» **DATASET ENTRIES**
***

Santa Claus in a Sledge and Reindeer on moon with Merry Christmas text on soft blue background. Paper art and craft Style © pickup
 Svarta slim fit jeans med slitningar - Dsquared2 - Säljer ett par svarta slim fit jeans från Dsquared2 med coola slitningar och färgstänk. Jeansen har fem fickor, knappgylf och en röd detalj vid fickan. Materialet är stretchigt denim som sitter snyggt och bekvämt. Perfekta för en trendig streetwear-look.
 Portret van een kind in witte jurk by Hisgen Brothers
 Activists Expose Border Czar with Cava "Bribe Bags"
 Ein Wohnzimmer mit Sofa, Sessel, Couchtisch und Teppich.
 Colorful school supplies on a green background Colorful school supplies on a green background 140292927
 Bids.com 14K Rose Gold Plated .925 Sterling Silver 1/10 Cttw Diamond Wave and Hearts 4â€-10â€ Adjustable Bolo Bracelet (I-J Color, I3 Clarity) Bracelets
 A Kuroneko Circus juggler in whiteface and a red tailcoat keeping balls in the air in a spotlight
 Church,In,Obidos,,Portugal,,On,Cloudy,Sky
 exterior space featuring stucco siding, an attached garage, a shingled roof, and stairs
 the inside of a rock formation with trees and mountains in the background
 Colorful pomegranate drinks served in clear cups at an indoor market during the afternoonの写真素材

***

» **DIRECTIONS FOR THIS TASK**
The whole set of records needs to be written out exactly.

» **FINAL ANSWER**
Santa Claus in a Sledge and Reindeer on moon with Merry Christmas text on soft blue background. Paper art and craft Style © pickup
 Svarta slim fit jeans med slitningar - Dsquared2 - Säljer ett par svarta slim fit jeans från Dsquared2 med coola slitningar och färgstänk. Jeansen har fem fickor, knappgylf och en röd detalj vid fickan. Materialet är stretchigt denim som sitter snyggt och bekvämt. Perfekta för en trendig streetwear-look.
 Portret van een kind in witte jurk by Hisgen Brothers
 Activists Expose Border Czar with Cava "Bribe Bags"
 Ein Wohnzimmer mit Sofa, Sessel, Couchtisch und Teppich.
 Colorful school supplies on a green background Colorful school supplies on a green background 140292927
 Bids.com 14K Rose Gold Plated .925 Sterling Silver 1/10 Cttw Diamond Wave and Hearts 4â€-10â€ Adjustable Bolo Bracelet (I-J Color, I3 Clarity) Bracelets
 A Kuroneko Circus juggler in whiteface and a red tailcoat keeping balls in the air in a spotlight
 Church,In,Obidos,,Portugal,,On,Cloudy,Sky
 exterior space featuring stucco siding, an attached garage, a shingled roof, and stairs
 the inside of a rock formation with trees and mountains in the background
 Colorful pomegranate drinks served in clear cups at an indoor market during the afternoonの写真素材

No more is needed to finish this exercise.